• **MATERIAL FOR THE TASK**
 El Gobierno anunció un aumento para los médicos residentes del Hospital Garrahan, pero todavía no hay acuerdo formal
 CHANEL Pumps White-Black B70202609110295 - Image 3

---

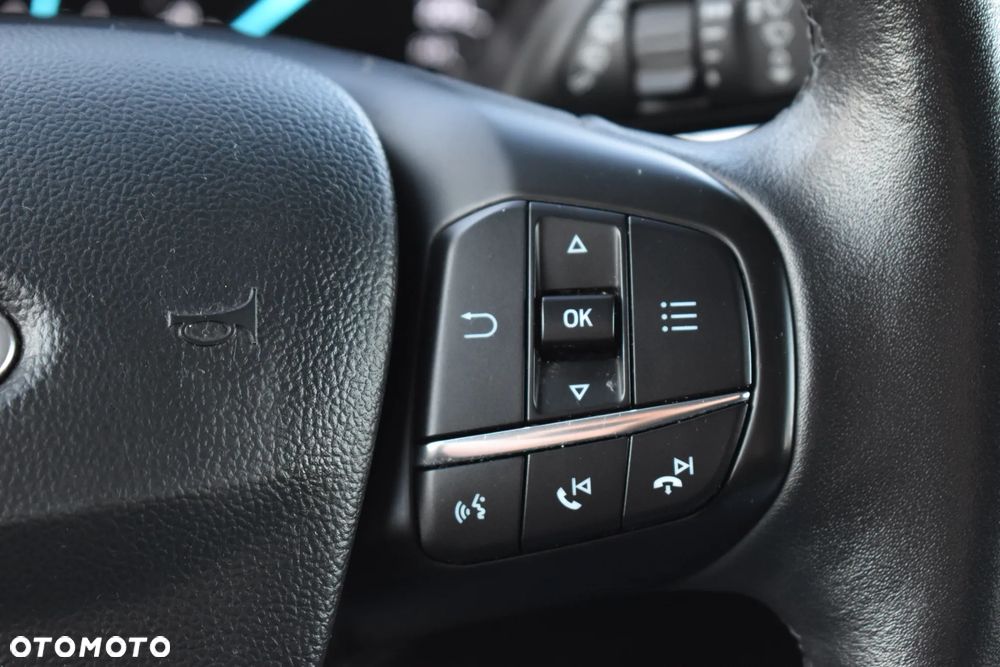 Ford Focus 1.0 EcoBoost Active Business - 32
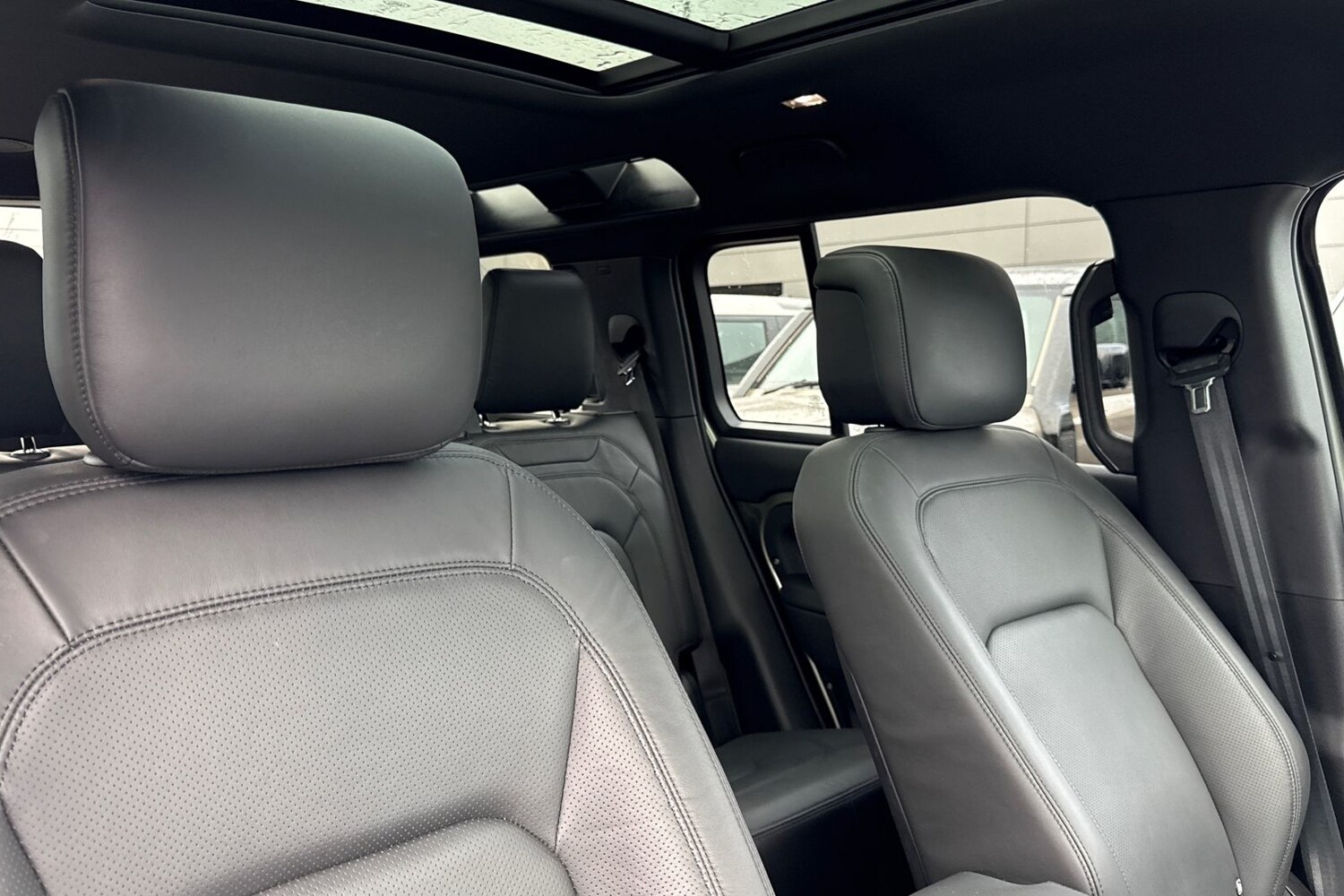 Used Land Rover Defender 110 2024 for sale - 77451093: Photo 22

• **WORK INSTRUCTION**
From the data above, reproduce word for word the lines running from the line with "El Gobierno anunció" to the line with "CHANEL Pumps White-Black", ends included.

• **SOLUTION**
 El Gobierno anunció un aumento para los médicos residentes del Hospital Garrahan, pero todavía no hay acuerdo formal
 CHANEL Pumps White-Black B70202609110295 - Image 3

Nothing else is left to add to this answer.